## Prompt
Set down every entry again word for word, please, but skip the pictures.

## Input
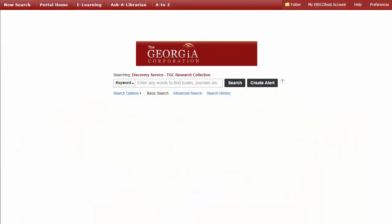Welcome to EBSCO's Discovery Service for Corporate Users tutorial. EBSCO Discovery Service offers a fast, single search across your company's print and electronic information resources, providing comprehensive results to broaden your research by locating information you might not know exists.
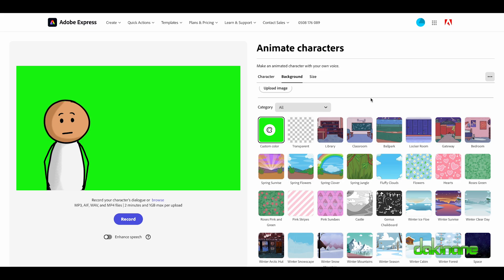And then I can in CapCut use the green screen function to layer together my background video or information and images that I might be using for my presentation and have this character here, Sticky, be my narrator.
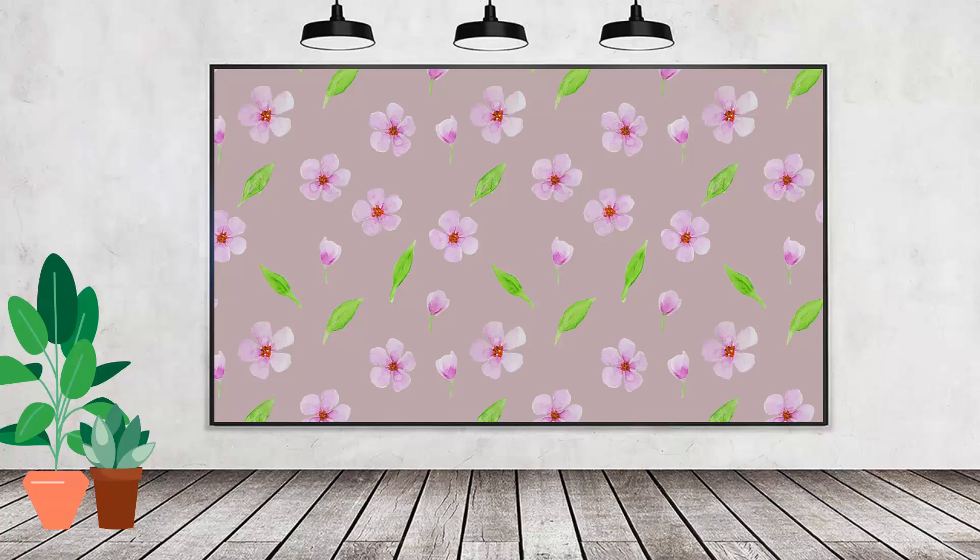Hello and welcome to this video tutorial. Today we're going to create a pattern of watercolor flowers in Adobe Photoshop.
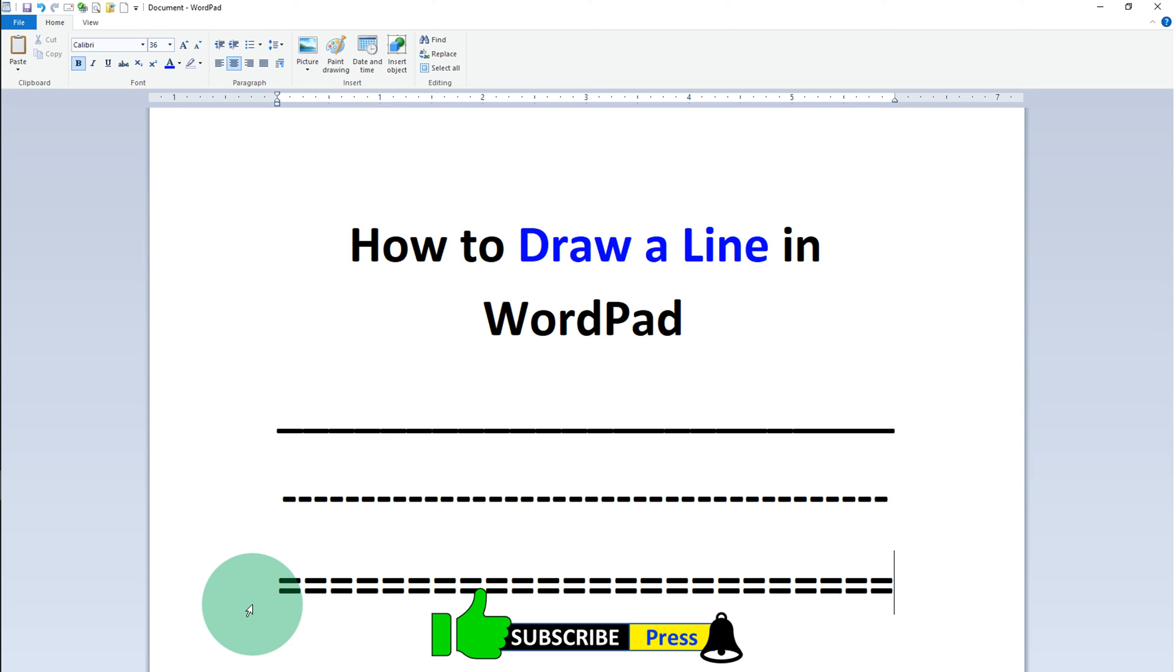Now check out these useful videos shown on screen related to WordPad. Click on that like button, comment below and let me know if this video solved your problem. Subscribe and press the bell icon if you want to learn more tips and tricks quickly like this. Thank you.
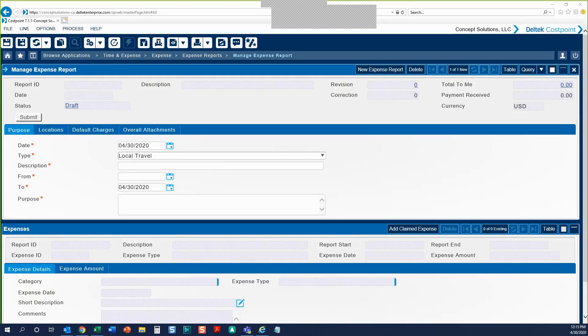Welcome to the Expense Report User Training. Today we'll go over how to start your expense report, add expenses, attach your receipts, and submit your expense report to the approval queue.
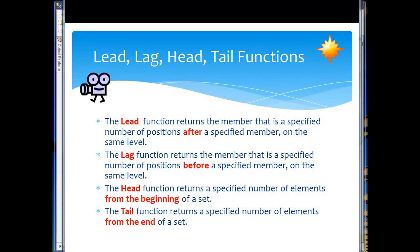Now we're going to take a look at lead, lag, head and tail, and the functions are very similar. The code is fairly easy to understand as we come through and take a look at it.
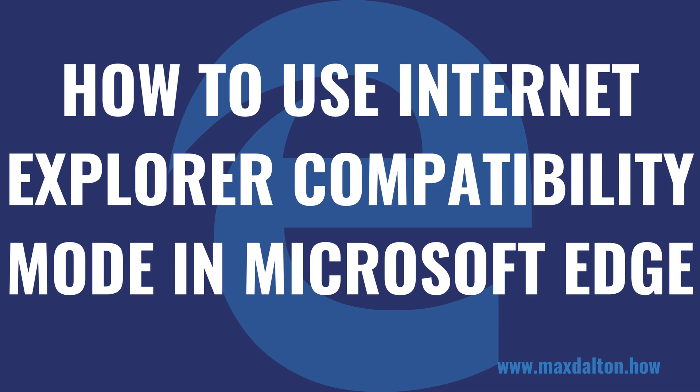I'm Max Dalton, and in this video I'll show you how to use Internet Explorer mode in Microsoft Edge.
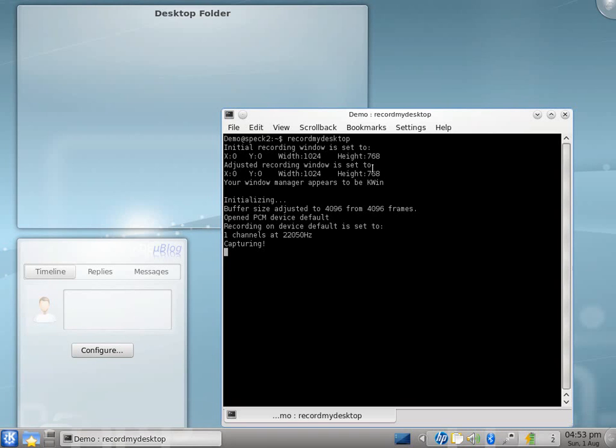Okay, this is a Kubuntu and KDE review. I had to figure out where the terminal was and I'm using Record My Desktop to make this demo.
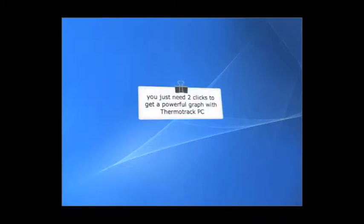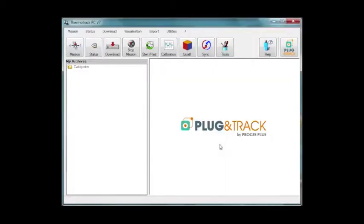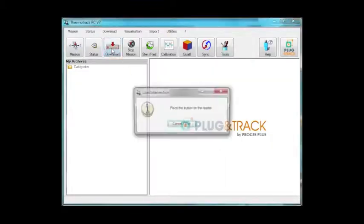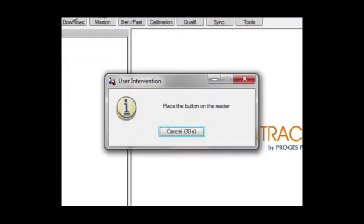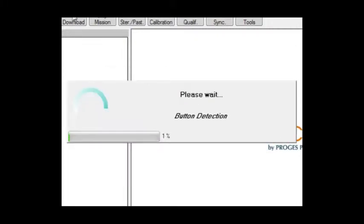You just need two clicks to get a powerful graph with ThermoTrak PC. Use the download icon on the main page. Place the button on the USB reader. The button is read in 5 seconds.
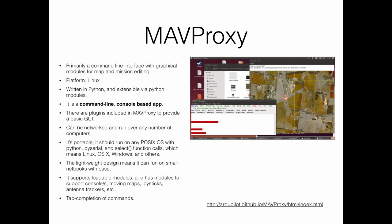MAVProxy is a Linux-based ground station that is primarily a command-line and console-based interface with some graphical modules for map visualization and mission editing. MAVProxy is written in Python and uses a set of simple commands to interact with Autopilots. The advantage of MAVProxy is that it is portable and lightweight compared to other ground stations, and also quite easy to use. We will provide an overview of the most important commands of MAVProxy in upcoming videos.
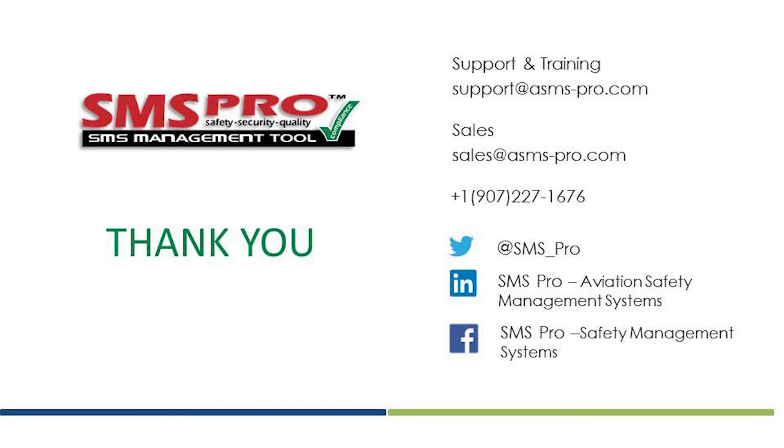If you have any further questions or comments, please contact us via email or on social media. Thank you and see you next time.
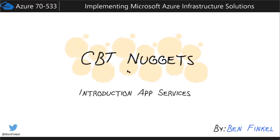Introduction to App Services. Hey everyone, Ben Finkel here, and in this nugget I want to take just a few minutes to introduce you to the concept of App Services on the Microsoft Azure platform.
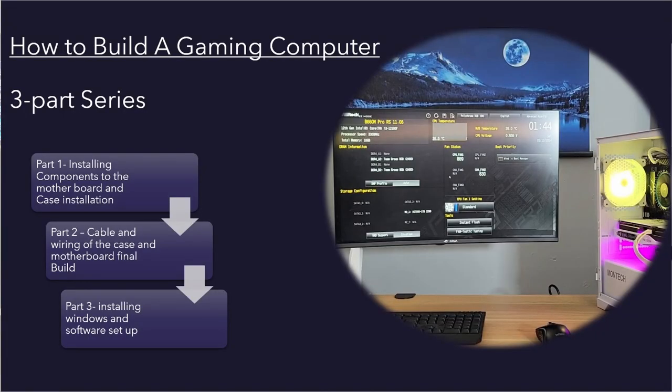Hello everybody and welcome back. Johnny D here. In today's video we have part three of a three-part series on how to build a computer. In today's video we are going to focus on installing Windows, setting up the BIOS, downloading all the software you need to get your computer up and running and get you into gaming. So with that said, without a long intro, let's hop right in.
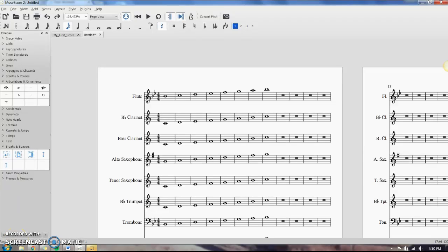All right, in this video I'm talking about how to alter your layout, stretch and shrink your individual measures, and overall layout in general.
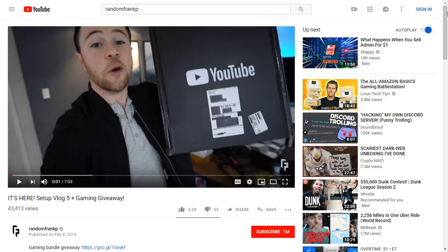Hi, we're back to Cool Tech Better Life. Now I want to give you an update on a giveaway that's currently taking place on YouTube. It's being run by Random Frank P.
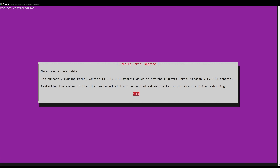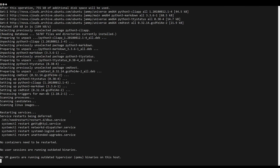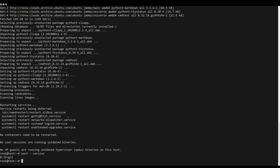Verify the installation by checking the yarn version. You've successfully installed yarn on your Ubuntu system. If you have any questions, leave them in the comments.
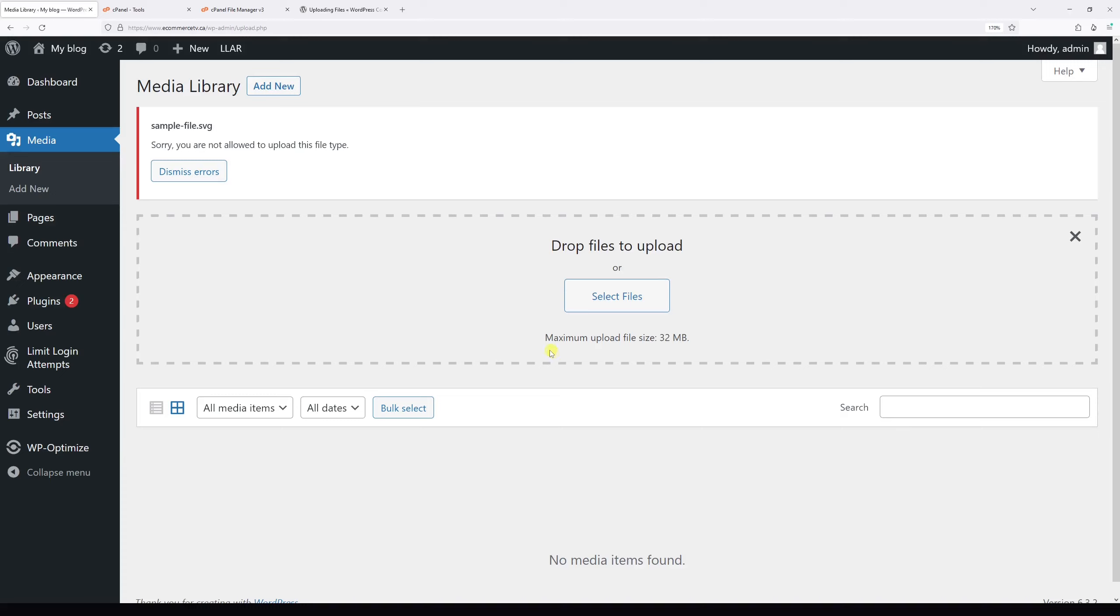In this video, I will show you how to fix the error you might encounter when uploading an unsupported file type to WordPress Media Library.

## Solution for this task
Welcome to EBSCO's Discovery Service for Corporate Users tutorial. EBSCO Discovery Service offers a fast, single search across your company's print and electronic information resources, providing comprehensive results to broaden your research by locating information you might not know exists.
And then I can in CapCut use the green screen function to layer together my background video or information and images that I might be using for my presentation and have this character here, Sticky, be my narrator.
Hello and welcome to this video tutorial. Today we're going to create a pattern of watercolor flowers in Adobe Photoshop.
Now check out these useful videos shown on screen related to WordPad. Click on that like button, comment below and let me know if this video solved your problem. Subscribe and press the bell icon if you want to learn more tips and tricks quickly like this. Thank you.
Welcome to the Expense Report User Training. Today we'll go over how to start your expense report, add expenses, attach your receipts, and submit your expense report to the approval queue.
Now we're going to take a look at lead, lag, head and tail, and the functions are very similar. The code is fairly easy to understand as we come through and take a look at it.
I'm Max Dalton, and in this video I'll show you how to use Internet Explorer mode in Microsoft Edge.
Okay, this is a Kubuntu and KDE review. I had to figure out where the terminal was and I'm using Record My Desktop to make this demo.
You just need two clicks to get a powerful graph with ThermoTrak PC. Use the download icon on the main page. Place the button on the USB reader. The button is read in 5 seconds.
MAVProxy is a Linux-based ground station that is primarily a command-line and console-based interface with some graphical modules for map visualization and mission editing. MAVProxy is written in Python and uses a set of simple commands to interact with Autopilots. The advantage of MAVProxy is that it is portable and lightweight compared to other ground stations, and also quite easy to use. We will provide an overview of the most important commands of MAVProxy in upcoming videos.
If you have any further questions or comments, please contact us via email or on social media. Thank you and see you next time.
Introduction to App Services. Hey everyone, Ben Finkel here, and in this nugget I want to take just a few minutes to introduce you to the concept of App Services on the Microsoft Azure platform.
Hello everybody and welcome back. Johnny D here. In today's video we have part three of a three-part series on how to build a computer. In today's video we are going to focus on installing Windows, setting up the BIOS, downloading all the software you need to get your computer up and running and get you into gaming. So with that said, without a long intro, let's hop right in.
All right, in this video I'm talking about how to alter your layout, stretch and shrink your individual measures, and overall layout in general.
Hi, we're back to Cool Tech Better Life. Now I want to give you an update on a giveaway that's currently taking place on YouTube. It's being run by Random Frank P.
Verify the installation by checking the yarn version. You've successfully installed yarn on your Ubuntu system. If you have any questions, leave them in the comments.
In this video, I will show you how to fix the error you might encounter when uploading an unsupported file type to WordPress Media Library.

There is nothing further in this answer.